Contra lo que mucha gente cree, pienso que el cristianismo evangélico es por el contrario una reivindicación incluso dramática de la carne. Si Jesucristo se hizo hombre haciéndose cuerpo, ello supone que la materia es constitutiva de lo humano. Muy obvio. De lo contrario, un alma pura y sin huesos ni músculos no podría haber sido víctima de una crucifixión y una flagelación. Me conmueve cuando en el relato bíblico se cuenta que el Maestro resucita, se reencuentra con sus discípulos todavía sin reacción y les pido algo de comer. Pero la filosofía de Descartes fue particularmente influyente en el Occidente moderno al concentrar lo humano no en la totalidad del alma sino solo en su racionalidad, interpretada además de modo reducido como razón lógico-deductiva. Descartes afirmó algo tan descabellado como que la conciencia de que somos pensamiento es más cierta que la existencia del cuerpo y del mundo. Luego comprimió el cuerpo y el mundo a una pura extensión cuantitativa, despojando de grandeza todo lo que no sea el “yo pensante” y convirtiéndolo en un conjunto ajeno y rudimentario cuya ruina, en consecuencia, no debería afectarnos moralmente.

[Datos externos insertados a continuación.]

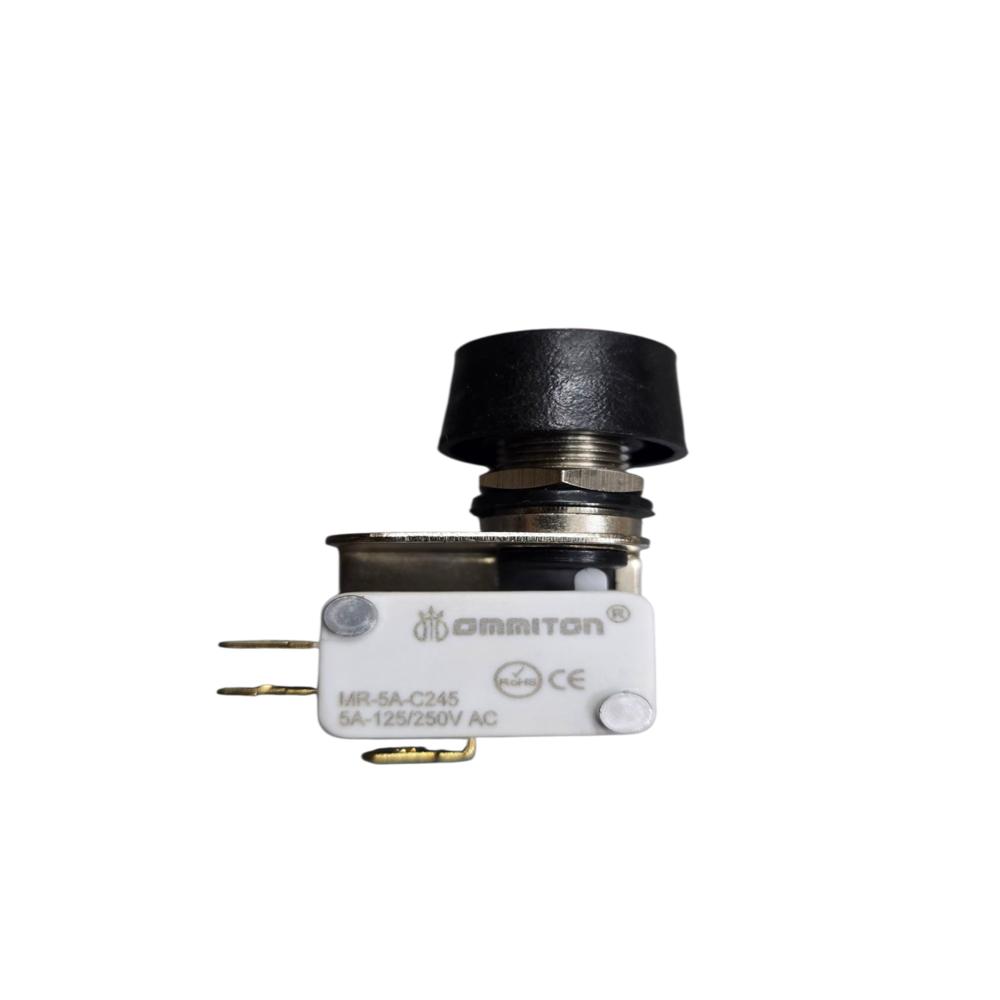 Thump Push Micro Switch - Color: White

No es, claro, el único protagonista de esta historia. Mucho menos fue consciente de las implicaciones de su metafísica dualista. Se suman otras variables científicas, técnicas, económicas y políticas que sería largo explicar aquí. Pero, en definitiva, el desprecio del cuerpo conduce al desprecio de la naturaleza y separa su destino del nuestro, desembarazándonos de toda responsabilidad. Reafirmar nuestra materialidad, sin caer en ningún materialismo –faltaba más-, refleja más fielmente nuestra condición y nos involucra más decididamente en el cuidado del entorno. Cómo articular esta reparación de lo corpóreo con la dimensión social para afrontar otros síntomas de nuestro tiempo sería motivo para otro encuentro y otra conversación. Gracias de nuevo.
*El evento organizado por la Alianza Francesa de Chiclayo se realizó en la Dirección Desconcentrada de Cultura de Lambayeque la noche del 30 e enero de 2020.